Work required:
Only an exact, line-for-line copy of the data will serve as the answer.

◇ ◇ ◇ ◇ ◇ ◇ ◇

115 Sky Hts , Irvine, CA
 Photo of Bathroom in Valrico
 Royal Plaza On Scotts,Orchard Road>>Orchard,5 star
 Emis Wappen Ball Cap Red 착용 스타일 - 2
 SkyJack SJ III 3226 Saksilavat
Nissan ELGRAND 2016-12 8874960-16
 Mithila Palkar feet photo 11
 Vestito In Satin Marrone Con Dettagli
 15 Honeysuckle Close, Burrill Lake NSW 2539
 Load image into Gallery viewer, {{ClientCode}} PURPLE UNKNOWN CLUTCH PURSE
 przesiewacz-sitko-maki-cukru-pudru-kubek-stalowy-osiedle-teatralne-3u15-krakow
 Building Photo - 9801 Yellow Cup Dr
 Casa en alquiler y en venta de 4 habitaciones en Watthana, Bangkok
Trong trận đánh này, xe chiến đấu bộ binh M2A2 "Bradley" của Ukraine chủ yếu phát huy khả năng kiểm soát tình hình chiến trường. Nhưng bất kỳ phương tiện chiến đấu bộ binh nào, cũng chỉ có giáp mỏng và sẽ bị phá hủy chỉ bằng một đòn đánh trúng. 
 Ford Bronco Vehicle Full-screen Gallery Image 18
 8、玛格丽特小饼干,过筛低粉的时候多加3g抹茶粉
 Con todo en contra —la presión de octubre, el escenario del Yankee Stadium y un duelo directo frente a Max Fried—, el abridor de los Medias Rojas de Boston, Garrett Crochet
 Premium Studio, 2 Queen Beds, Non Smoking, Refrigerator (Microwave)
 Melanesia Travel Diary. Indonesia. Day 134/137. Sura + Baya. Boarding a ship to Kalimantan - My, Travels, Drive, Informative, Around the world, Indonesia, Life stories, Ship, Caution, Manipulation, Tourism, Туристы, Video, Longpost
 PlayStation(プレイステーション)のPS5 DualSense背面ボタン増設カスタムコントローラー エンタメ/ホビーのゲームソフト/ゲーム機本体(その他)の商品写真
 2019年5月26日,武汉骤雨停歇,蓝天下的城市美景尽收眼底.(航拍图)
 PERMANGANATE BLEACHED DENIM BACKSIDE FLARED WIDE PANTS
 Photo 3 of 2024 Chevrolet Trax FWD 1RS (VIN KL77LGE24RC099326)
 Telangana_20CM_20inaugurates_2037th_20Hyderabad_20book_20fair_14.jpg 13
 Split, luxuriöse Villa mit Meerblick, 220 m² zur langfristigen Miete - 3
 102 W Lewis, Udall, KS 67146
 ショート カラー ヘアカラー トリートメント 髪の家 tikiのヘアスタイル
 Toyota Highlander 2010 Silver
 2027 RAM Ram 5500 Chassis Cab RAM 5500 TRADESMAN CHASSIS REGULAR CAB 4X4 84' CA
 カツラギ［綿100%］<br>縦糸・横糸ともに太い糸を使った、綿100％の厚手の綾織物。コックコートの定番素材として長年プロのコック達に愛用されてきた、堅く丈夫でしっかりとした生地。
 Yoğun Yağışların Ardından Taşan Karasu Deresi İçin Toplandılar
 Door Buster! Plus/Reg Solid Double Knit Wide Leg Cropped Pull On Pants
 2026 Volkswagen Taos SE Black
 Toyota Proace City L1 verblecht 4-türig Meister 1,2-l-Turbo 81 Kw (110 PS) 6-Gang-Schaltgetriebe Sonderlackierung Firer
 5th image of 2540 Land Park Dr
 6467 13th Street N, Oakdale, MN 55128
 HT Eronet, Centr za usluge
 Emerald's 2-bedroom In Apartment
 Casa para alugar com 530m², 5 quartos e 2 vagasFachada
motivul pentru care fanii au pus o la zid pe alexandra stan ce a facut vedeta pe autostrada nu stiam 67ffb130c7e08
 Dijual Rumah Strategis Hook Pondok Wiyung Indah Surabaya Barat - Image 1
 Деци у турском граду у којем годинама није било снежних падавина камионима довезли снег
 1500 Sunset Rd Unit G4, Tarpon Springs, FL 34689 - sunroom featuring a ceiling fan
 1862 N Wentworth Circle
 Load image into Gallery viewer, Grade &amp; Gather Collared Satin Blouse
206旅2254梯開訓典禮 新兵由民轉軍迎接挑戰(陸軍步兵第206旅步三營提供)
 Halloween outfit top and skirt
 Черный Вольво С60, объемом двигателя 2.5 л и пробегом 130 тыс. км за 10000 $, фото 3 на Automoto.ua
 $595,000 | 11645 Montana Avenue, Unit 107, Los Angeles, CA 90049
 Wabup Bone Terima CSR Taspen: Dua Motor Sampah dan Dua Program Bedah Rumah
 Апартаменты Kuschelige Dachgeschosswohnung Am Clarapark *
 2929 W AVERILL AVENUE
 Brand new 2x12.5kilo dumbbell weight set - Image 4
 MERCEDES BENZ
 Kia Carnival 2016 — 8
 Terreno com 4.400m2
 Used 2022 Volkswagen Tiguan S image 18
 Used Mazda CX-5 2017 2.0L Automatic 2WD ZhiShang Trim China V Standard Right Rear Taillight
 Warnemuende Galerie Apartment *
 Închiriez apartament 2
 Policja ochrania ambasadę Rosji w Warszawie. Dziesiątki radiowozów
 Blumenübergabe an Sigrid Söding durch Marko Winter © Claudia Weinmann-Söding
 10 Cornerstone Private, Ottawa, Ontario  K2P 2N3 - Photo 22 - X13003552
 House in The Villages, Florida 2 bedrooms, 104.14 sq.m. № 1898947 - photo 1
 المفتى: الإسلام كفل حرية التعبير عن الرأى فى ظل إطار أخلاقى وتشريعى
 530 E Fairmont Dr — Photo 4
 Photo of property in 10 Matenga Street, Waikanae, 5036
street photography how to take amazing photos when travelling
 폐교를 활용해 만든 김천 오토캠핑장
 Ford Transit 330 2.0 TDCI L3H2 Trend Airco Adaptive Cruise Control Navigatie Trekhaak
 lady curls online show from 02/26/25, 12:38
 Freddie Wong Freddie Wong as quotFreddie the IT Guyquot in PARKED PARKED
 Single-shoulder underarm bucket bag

◇ ◇ ◇ ◇ ◇ ◇ ◇

Answer area:
115 Sky Hts , Irvine, CA
 Photo of Bathroom in Valrico
 Royal Plaza On Scotts,Orchard Road>>Orchard,5 star
 Emis Wappen Ball Cap Red 착용 스타일 - 2
 SkyJack SJ III 3226 Saksilavat
Nissan ELGRAND 2016-12 8874960-16
 Mithila Palkar feet photo 11
 Vestito In Satin Marrone Con Dettagli
 15 Honeysuckle Close, Burrill Lake NSW 2539
 Load image into Gallery viewer, {{ClientCode}} PURPLE UNKNOWN CLUTCH PURSE
 przesiewacz-sitko-maki-cukru-pudru-kubek-stalowy-osiedle-teatralne-3u15-krakow
 Building Photo - 9801 Yellow Cup Dr
 Casa en alquiler y en venta de 4 habitaciones en Watthana, Bangkok
Trong trận đánh này, xe chiến đấu bộ binh M2A2 "Bradley" của Ukraine chủ yếu phát huy khả năng kiểm soát tình hình chiến trường. Nhưng bất kỳ phương tiện chiến đấu bộ binh nào, cũng chỉ có giáp mỏng và sẽ bị phá hủy chỉ bằng một đòn đánh trúng. 
 Ford Bronco Vehicle Full-screen Gallery Image 18
 8、玛格丽特小饼干,过筛低粉的时候多加3g抹茶粉
 Con todo en contra —la presión de octubre, el escenario del Yankee Stadium y un duelo directo frente a Max Fried—, el abridor de los Medias Rojas de Boston, Garrett Crochet
 Premium Studio, 2 Queen Beds, Non Smoking, Refrigerator (Microwave)
 Melanesia Travel Diary. Indonesia. Day 134/137. Sura + Baya. Boarding a ship to Kalimantan - My, Travels, Drive, Informative, Around the world, Indonesia, Life stories, Ship, Caution, Manipulation, Tourism, Туристы, Video, Longpost
 PlayStation(プレイステーション)のPS5 DualSense背面ボタン増設カスタムコントローラー エンタメ/ホビーのゲームソフト/ゲーム機本体(その他)の商品写真
 2019年5月26日,武汉骤雨停歇,蓝天下的城市美景尽收眼底.(航拍图)
 PERMANGANATE BLEACHED DENIM BACKSIDE FLARED WIDE PANTS
 Photo 3 of 2024 Chevrolet Trax FWD 1RS (VIN KL77LGE24RC099326)
 Telangana_20CM_20inaugurates_2037th_20Hyderabad_20book_20fair_14.jpg 13
 Split, luxuriöse Villa mit Meerblick, 220 m² zur langfristigen Miete - 3
 102 W Lewis, Udall, KS 67146
 ショート カラー ヘアカラー トリートメント 髪の家 tikiのヘアスタイル
 Toyota Highlander 2010 Silver
 2027 RAM Ram 5500 Chassis Cab RAM 5500 TRADESMAN CHASSIS REGULAR CAB 4X4 84' CA
 カツラギ［綿100%］<br>縦糸・横糸ともに太い糸を使った、綿100％の厚手の綾織物。コックコートの定番素材として長年プロのコック達に愛用されてきた、堅く丈夫でしっかりとした生地。
 Yoğun Yağışların Ardından Taşan Karasu Deresi İçin Toplandılar
 Door Buster! Plus/Reg Solid Double Knit Wide Leg Cropped Pull On Pants
 2026 Volkswagen Taos SE Black
 Toyota Proace City L1 verblecht 4-türig Meister 1,2-l-Turbo 81 Kw (110 PS) 6-Gang-Schaltgetriebe Sonderlackierung Firer
 5th image of 2540 Land Park Dr
 6467 13th Street N, Oakdale, MN 55128
 HT Eronet, Centr za usluge
 Emerald's 2-bedroom In Apartment
 Casa para alugar com 530m², 5 quartos e 2 vagasFachada
motivul pentru care fanii au pus o la zid pe alexandra stan ce a facut vedeta pe autostrada nu stiam 67ffb130c7e08
 Dijual Rumah Strategis Hook Pondok Wiyung Indah Surabaya Barat - Image 1
 Деци у турском граду у којем годинама није било снежних падавина камионима довезли снег
 1500 Sunset Rd Unit G4, Tarpon Springs, FL 34689 - sunroom featuring a ceiling fan
 1862 N Wentworth Circle
 Load image into Gallery viewer, Grade &amp; Gather Collared Satin Blouse
206旅2254梯開訓典禮 新兵由民轉軍迎接挑戰(陸軍步兵第206旅步三營提供)
 Halloween outfit top and skirt
 Черный Вольво С60, объемом двигателя 2.5 л и пробегом 130 тыс. км за 10000 $, фото 3 на Automoto.ua
 $595,000 | 11645 Montana Avenue, Unit 107, Los Angeles, CA 90049
 Wabup Bone Terima CSR Taspen: Dua Motor Sampah dan Dua Program Bedah Rumah
 Апартаменты Kuschelige Dachgeschosswohnung Am Clarapark *
 2929 W AVERILL AVENUE
 Brand new 2x12.5kilo dumbbell weight set - Image 4
 MERCEDES BENZ
 Kia Carnival 2016 — 8
 Terreno com 4.400m2
 Used 2022 Volkswagen Tiguan S image 18
 Used Mazda CX-5 2017 2.0L Automatic 2WD ZhiShang Trim China V Standard Right Rear Taillight
 Warnemuende Galerie Apartment *
 Închiriez apartament 2
 Policja ochrania ambasadę Rosji w Warszawie. Dziesiątki radiowozów
 Blumenübergabe an Sigrid Söding durch Marko Winter © Claudia Weinmann-Söding
 10 Cornerstone Private, Ottawa, Ontario  K2P 2N3 - Photo 22 - X13003552
 House in The Villages, Florida 2 bedrooms, 104.14 sq.m. № 1898947 - photo 1
 المفتى: الإسلام كفل حرية التعبير عن الرأى فى ظل إطار أخلاقى وتشريعى
 530 E Fairmont Dr — Photo 4
 Photo of property in 10 Matenga Street, Waikanae, 5036
street photography how to take amazing photos when travelling
 폐교를 활용해 만든 김천 오토캠핑장
 Ford Transit 330 2.0 TDCI L3H2 Trend Airco Adaptive Cruise Control Navigatie Trekhaak
 lady curls online show from 02/26/25, 12:38
 Freddie Wong Freddie Wong as quotFreddie the IT Guyquot in PARKED PARKED
 Single-shoulder underarm bucket bag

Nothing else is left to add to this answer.